In a year when positive returns are widespread, the job of rebalancing is a thankless task. It’s also an increasingly burdensome one. Your editor, as a result, pines for the past.
Take 1998, for example. Now that was a year of variety. U.S. stocks, measured by the Russell 3000, enjoyed a robust 24.1% total return that year–the best among the major, broad asset classes. On the opposite extreme: emerging markets, which shed nearly 30%, as per the MSCI Emerging Markets Index. There was also a wide dispersion among the other asset classes. REITs, for instance, were down 17% in 1998 while U.S. bonds added 9.7%. Ah, yes, those were the days.
This year, by contrast, is a study is relative consistency. Save for the recently battered commodities, everything is up, as our table below reminds. And on a three-year trailing basis, even commodities show a gain, and a healthy one to boot. And who knows? Maybe OPEC will gain more respect when it comes to production cuts, helping elevate commodities’ performance into the black for 2006 after all.

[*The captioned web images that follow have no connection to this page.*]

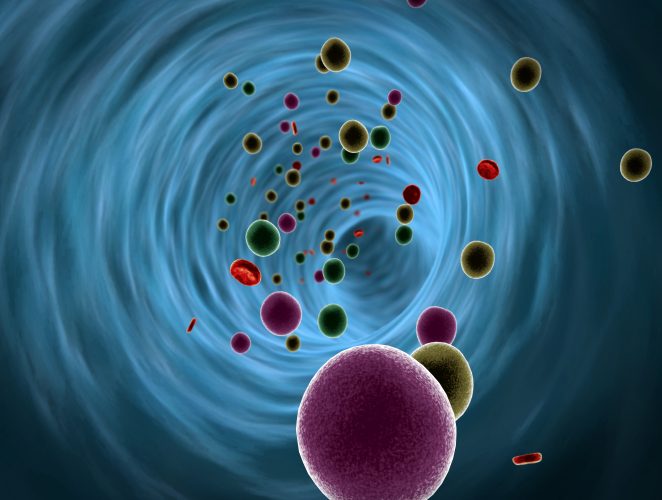 3D illustration of drugs in a blood, drugs inside the blood vessel, insulin and leukocytes inside the blood vessel, Coronavirus in the blood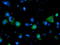 Large neutral amino acids transporter small subunit 2 antibody, TA500514, Origene, Immunofluorescence image 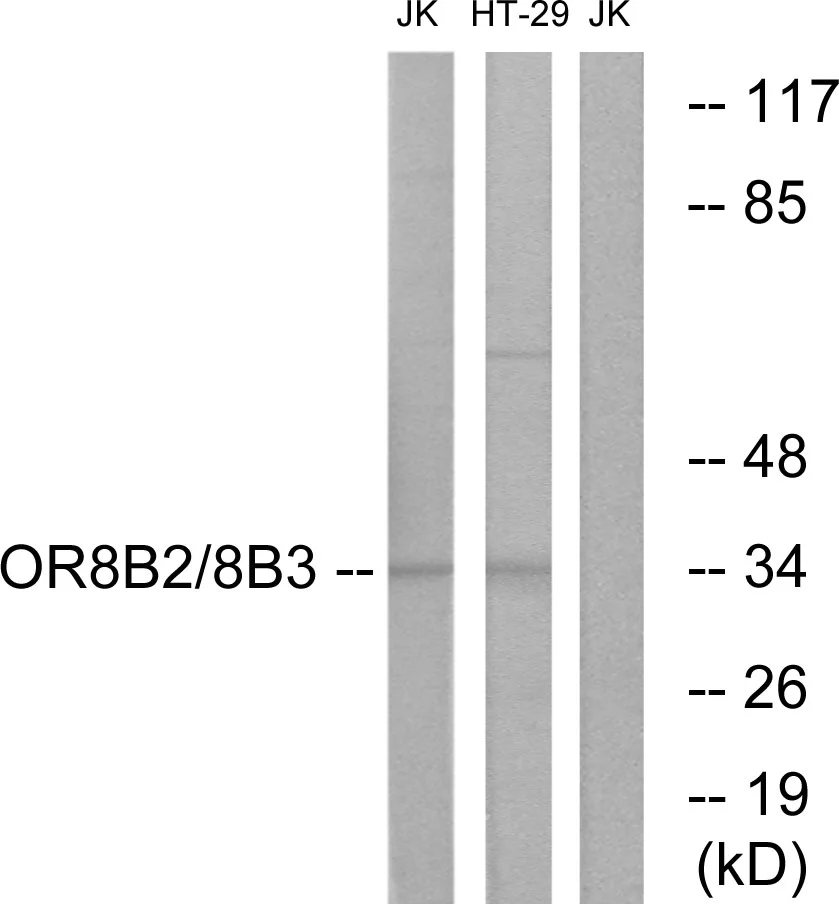 WB analysis of Jurkat and HT-29 cell lysates using GTX87591 OR8B2 + OR8B3 antibody. The lane on the right is blocked with the synthesized peptide. WB analysis of Jurkat and HT-29 cell lysates using GTX87591 OR8B2 + OR8B3 antibody. The lane on the right is blocked with the synthesized peptide.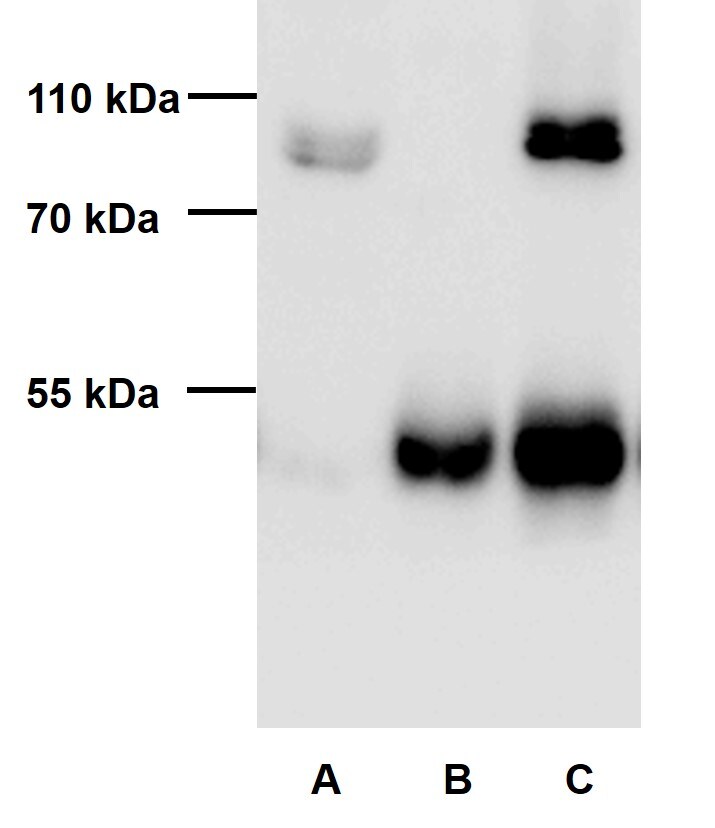 FXR1 Antibody - BSA Free NBP2-22246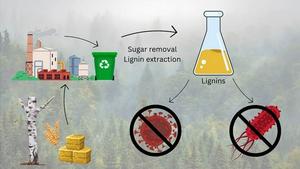 Lignin is effective against viruses and bacteria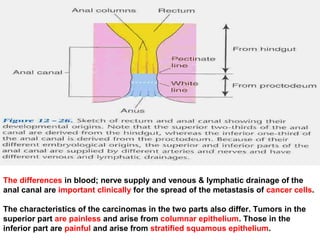 The differences in blood; nerve supply and venous & lymphatic drainage of the
anal canal are important clinically for the spread of the metastasis of cancer cells.
The characteristics of the carcinomas in the two parts also differ. Tumors in the
superior part are painless and arise from columnar epithelium. Those in the
inferior part are painful and arise from stratified squamous epithelium.
 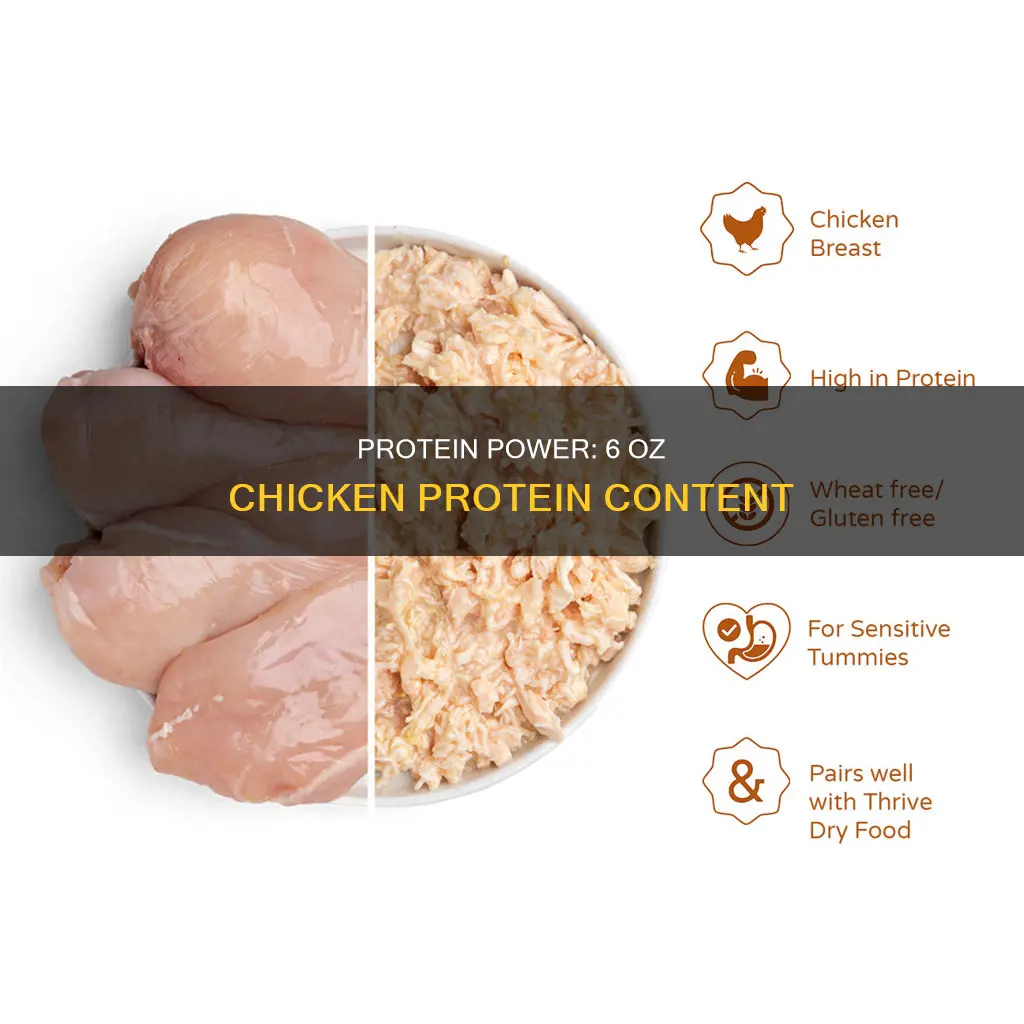 how many g of protein in 6 oz chicken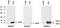 Anterior Gradient 3, Protein Disulphide Isomerase Family Member antibody, M05950, Boster Biological Technology, Western Blot image 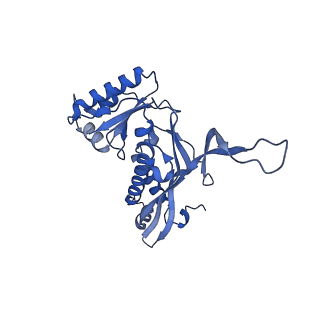 18031_8pys_X_v1-0
Cryo-EM structure of the DyP peroxidase-loaded encapsulin nanocompartment from Mycobacterium tuberculosis with icosahedral symmetry imposed.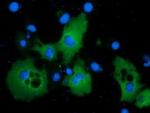 PIK3AP1 Antibody in Immunocytochemistry (ICC/IF)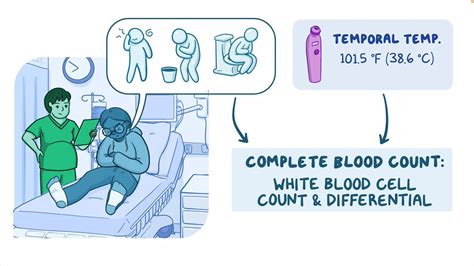 Complete blood count (CBC) - White blood cells (WBC) and differential ...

Ours is not to question why, ours is but to rebalance or die (apologies to Tennyson). Unfortunately, the low-hanging fruit that availed itself in ’98 (or ’00 through ’02, for that matter) looks sparse by comparison.
To be sure, we’re not so naive as to think that a sizable loss in a given calendar year for an asset class invariably leads to a gain the next. There’s plenty of history to suggest that such a one-factor world doesn’t exist. And so we’re forced to seek out value in asset classes as well.
And we’re also mindful that momentum is a potent force too. Indeed, except for 1999, emerging markets posted losses for each an every year from 1998 through 2002. Meanwhile, REITs are on track again this year to post a gain, as they’ve done consistently for each full calendar year so far in the 21st century.
True enlightenment for the necessary task of rebalancing doesn’t come easy. Nor does it fit nicely into little tables. But past performance, while no guarantee of future return, is at least a start.